Sjöwall and Wahlöö (whose
photo illustrates this post) were exploiting a landscape and culture ripe for
the exploration of crime. Of course there’s the climate, with its months of
cold, damp and darkness that mirror the darkness in the souls of the genre’s
characters. (Not surprisingly, The
Laughing Policeman’s opening sentence (in the English translation of Alan
Blair that I follow) is “On the evening of the thirteenth of November it was
pouring in Stockholm. . . the weather was abominable.”
And beyond landscape is
culture. Or do landscape and culture mirror each other?
“You can find extensive reading
and writing of crime fiction only in very old and stable democracies,” Swedish
crime author Liza Marklund writes in John Connolly and Declan Burke’s anthology
of mystery novels, Books to Die For.
“I spend quite a lot of time in Africa, and when I tell my friends in Kenya
that I write fictional books about crimes being committed, they look at me
strangely and ask: ‘Why?’ You need freedom of speech, law and order, hope, and
prosperity to be able to enjoy fictitious crimes and violence.”
Maybe the audience for crime
fiction is bolstered too by a relatively large population of (possibly)

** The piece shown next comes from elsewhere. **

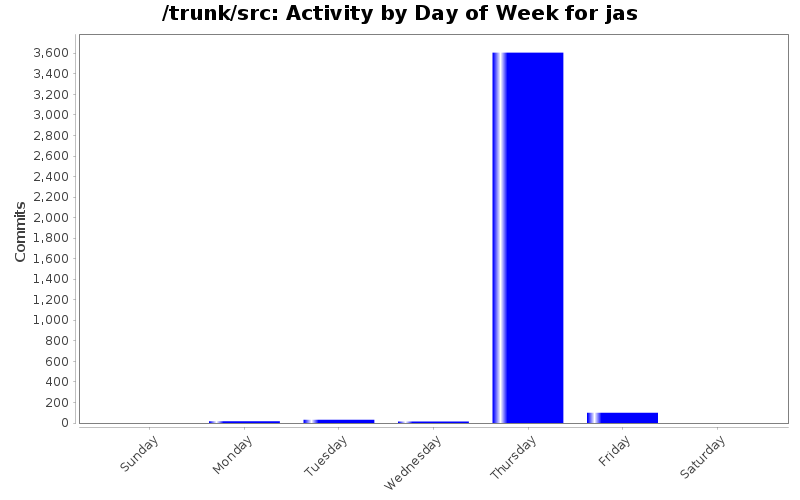 Activity by Day of Week for jas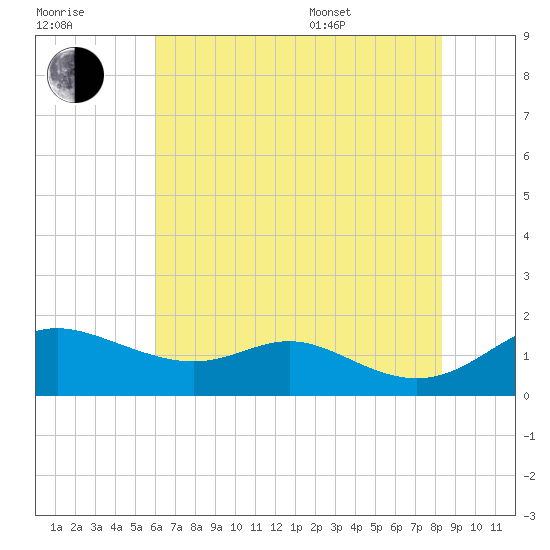 Fort McHenry Marsh tide chart for Saturday, July 31, 2021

overeducated Caucasians. Or am I reading too much into Marklund’s additional
statement, that “The whiter and brighter the society, the darker and blacker
the crime appears: the drama is all in the contrast.”
At that cold and rainy
opening of The Laughing Policeman,
Swedish society hardly looks bright. Martin Beck accepts the invitation of his
friend and fellow policeman Lennart Kollberg to a late night chess game. Beck is
a notoriously bad chess player, but the game still beats returning home in the
rain to his uncongenial wife.
And even though most of
Stockholm’s police force is gathered outside the American embassy, battling
demonstrators protesting the Vietnam war, there’s little reason to believe
either Beck or Kollberg will be needed at work. Why would anyone who isn’t
forced into the cold rain by pay or principle would choose to go out?
Little do Beck or his friend
know that as the anti-war demonstration is breaking up, a mass murder is being
committed, a murder that will rock a city unused to such horrors to its core.
Neither do they know that one of the murder victims is a young fellow police
officer working on his own time to solve a sexually-oriented murder that has
puzzled Beck for years.
Is there a connection between
the murders and the political demonstration? Is the young police officer the
target of the mass murderer or only collateral damage? And what is the meaning
of the statement the sole survivor makes immediately before dying?